By BRIAN BULLOCK
How much money should the city of Brookings spend on parking lots, streetscapes, streets and utilities, parks, or pedestrian and bike paths?
That question was hashed out Thursday by citizens, city councilors, city staff and consultant Charles Kupper in an urban renewal plan meeting at City Hall.
It was one of the final structural meetings of the series before the plan will be adopted and put into practice.
One more meeting to discuss a draft of the renewal agency structure and its activities is tentatively scheduled for 6 p.m. Monday, June 24. After that, the urban renewal plan will be reviewed by the Planning Commission and City Council and be officially adopted.
At the Thursday meeting, Kupper explained, in general terms, about how much money the tax increment funding would generate for urban renewal. Kupper offered two scenarios, one that would generate $10 million and another that would generate $8 million.
The $10 million would allow for nearly $16 million in maximum indebtedness and would be retired in 25 years. The second would create approximately $11 million in maximum indebtedness and would be retired within 20 years.
Kupper said whatever the choices the Urban Renewal Agency makes, the projects taken on by the agency will be controlled by the amount of money the tax increment income will generate.
"All of this stuff is by guess and by golly," Kupper explained. "We've tried to be realistic in our estimates. I feel we're being fairly conservative in these estimates."

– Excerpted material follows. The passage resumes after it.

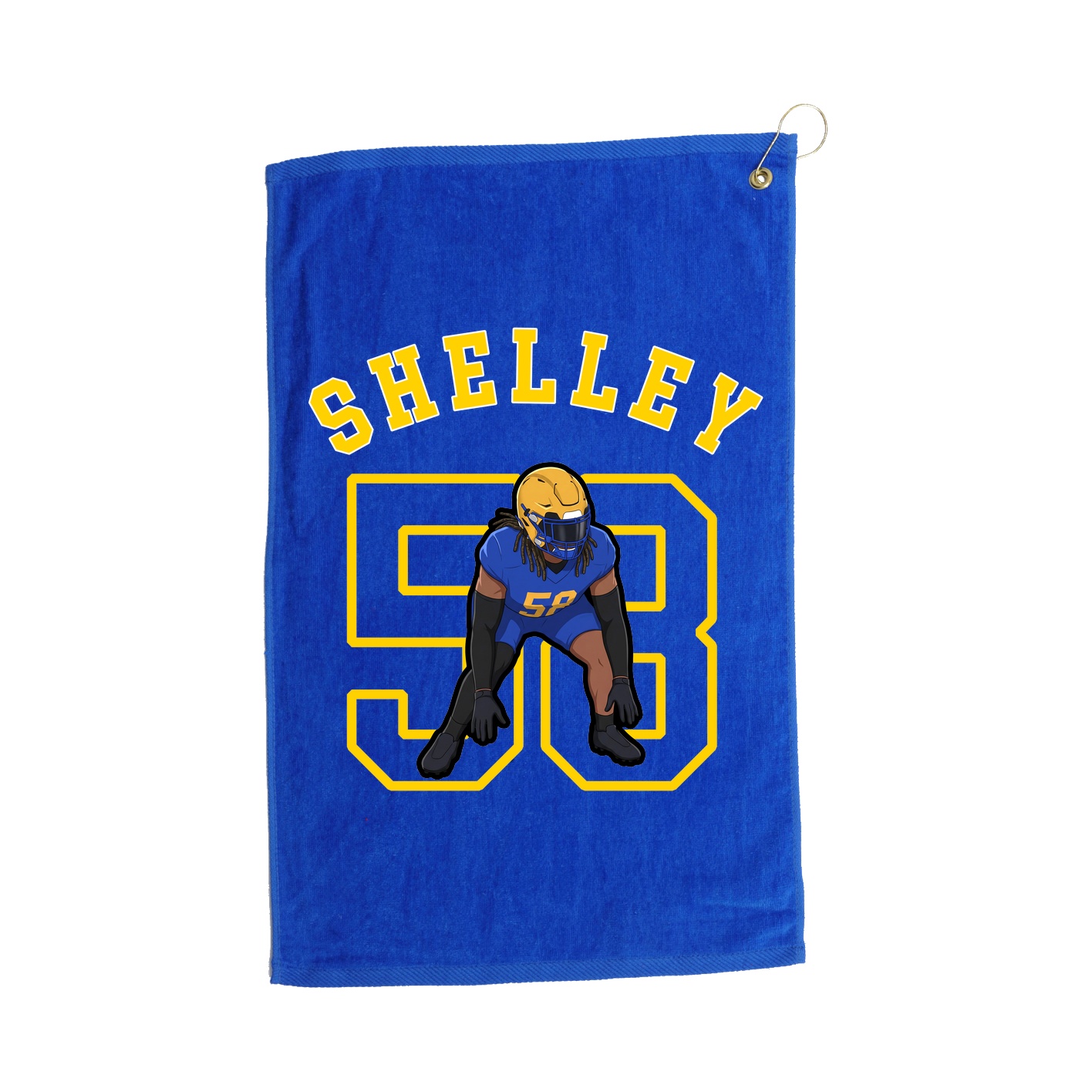 Golf Towel — Shirsey Arch in Royal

Kupper's models accounted for 3 percent increase in the tax base as allowed by law and included anticipated development of some ocean front property. The renewal agency will borrow on projected tax increment income and that would generate the $10 million over the 25-year period.
The largest percentage of money will be put toward street improvements, public utilities, downtown development and redevelopment, the group decided Thursday. While all aspects of urban renewal projects were discussed, parking was at the forefront of the talk.
A number of downtown business people expressed an interest in additional parking. The city is in the process of constructing a public parking lot at the intersection of Fern Street and Chetco Avenue.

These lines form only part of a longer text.